Could someone explain me this and help me get a better understanding?

Jacek Laskowski
  • 72,696
  • 27
  • 242
  • 420
Dasarathy D R
  • 335
  • 2
  • 7
  • 20
  • @JacekLaskowski - As requested! Also, what I mean by saying other subsequent batches is, the next batch after a set interval of a spark streaming job. – Dasarathy D R Aug 27 '18 at 07:23
  • How is "HBase Read Code" used in a Spark Streaming job? Please include the code in your question. Is this `foreach` or something similar? Any reasons to stick with 1.6.3? I doubt it gets lots of traction (if any at all). – Jacek Laskowski Aug 27 '18 at 10:51
  • Here is something I also faced: https://stackoverflow.com/questions/51791008/spark-application-returns-different-results-based-on-different-executor-memory – Avishek Bhattacharya Aug 27 '18 at 11:34
  • @JacekLaskowski I have used the same code in my Spark Streaming Job also. There is no `foreach` or something like that. To provide an example of how we read HBase, pls refer to the below link. [link]https://github.com/hortonworks-spark/shc/blob/master/examples/src/main/scala/org/apache/spark/sql/execution/datasources/hbase/HBaseSource.scala Check on **withCatalog** method in the above link. That should give you a better idea. – Dasarathy D R Aug 28 '18 at 07:21
  • @JacekLaskowski - No particular reason to stick with 1.6.3 - its just that our cluster is built with that particular version. Also, I hope my answers or responses are inline with your questions. If not, pls feel free to elaborate. – Dasarathy D R Aug 28 '18 at 07:23
  • @AvishekBhattacharya I went through the link that you shared. Apologies for such a delay. Since I was moved to a different module, the delay. Just got back on track with this work. Even though I understand what is mentioned in that link, is that a concrete reason for this behavior? Or do we have anything else to look into. – Dasarathy D R Mar 20 '19 at 04:32

1 Answers1

1

As you mentioned you are looking for a reason "why" therefore I'm answering this because otherwise this question will remain unanswered as there's no rational reason these days to run spark 1.6.3 to sense what happens with that specific HBASE version.

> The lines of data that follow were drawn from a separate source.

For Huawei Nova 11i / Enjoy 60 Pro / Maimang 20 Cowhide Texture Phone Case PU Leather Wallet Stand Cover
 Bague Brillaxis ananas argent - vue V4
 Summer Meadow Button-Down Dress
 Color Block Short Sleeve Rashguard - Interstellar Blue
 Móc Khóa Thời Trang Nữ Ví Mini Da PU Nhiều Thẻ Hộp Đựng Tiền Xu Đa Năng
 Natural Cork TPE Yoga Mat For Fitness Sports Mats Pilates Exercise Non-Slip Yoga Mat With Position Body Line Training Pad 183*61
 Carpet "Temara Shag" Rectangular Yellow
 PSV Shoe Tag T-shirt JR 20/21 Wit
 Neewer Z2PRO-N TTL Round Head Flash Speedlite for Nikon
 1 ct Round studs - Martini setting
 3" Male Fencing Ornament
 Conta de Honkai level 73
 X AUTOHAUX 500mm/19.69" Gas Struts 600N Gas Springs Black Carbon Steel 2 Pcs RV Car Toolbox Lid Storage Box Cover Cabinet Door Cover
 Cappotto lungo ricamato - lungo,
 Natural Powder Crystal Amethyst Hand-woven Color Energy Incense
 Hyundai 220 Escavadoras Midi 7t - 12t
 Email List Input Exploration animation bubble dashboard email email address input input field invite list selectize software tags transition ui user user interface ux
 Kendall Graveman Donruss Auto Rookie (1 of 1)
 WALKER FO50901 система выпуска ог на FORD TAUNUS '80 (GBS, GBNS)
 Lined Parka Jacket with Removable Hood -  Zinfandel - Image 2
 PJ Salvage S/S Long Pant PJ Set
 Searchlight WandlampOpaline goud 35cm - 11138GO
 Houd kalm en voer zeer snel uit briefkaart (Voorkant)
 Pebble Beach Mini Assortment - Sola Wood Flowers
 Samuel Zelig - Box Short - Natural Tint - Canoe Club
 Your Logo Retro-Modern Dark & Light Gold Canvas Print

Internally, spark calls persist() when you use cache() and it behaves differently on RDDs than on Datasets(or Dataframes). On RDDs it uses MEMORY_ONLY and on Datasets, MEMORY_AND_DISK.I cant see what you've coded(fully) but generally I can say, you shouldn't have face the difference between the two ways of cache and persist and your issue is simply a version incompatibility btw those or simply a bug that wasn't fixed by Apache.

There are several places to check to see what's wrong

In this link https://spark.apache.org/releases/spark-release-1-6-3.html you can find that maintainance of the code is hapening in branch 1.6 so this is the place to find the code https://github.com/apache/spark/blob/branch-1.6/core/src/main/scala/org/apache/spark/CacheManager.scala

Hope it helped.

Aramis NSR
  • 1,602
  • 16
  • 26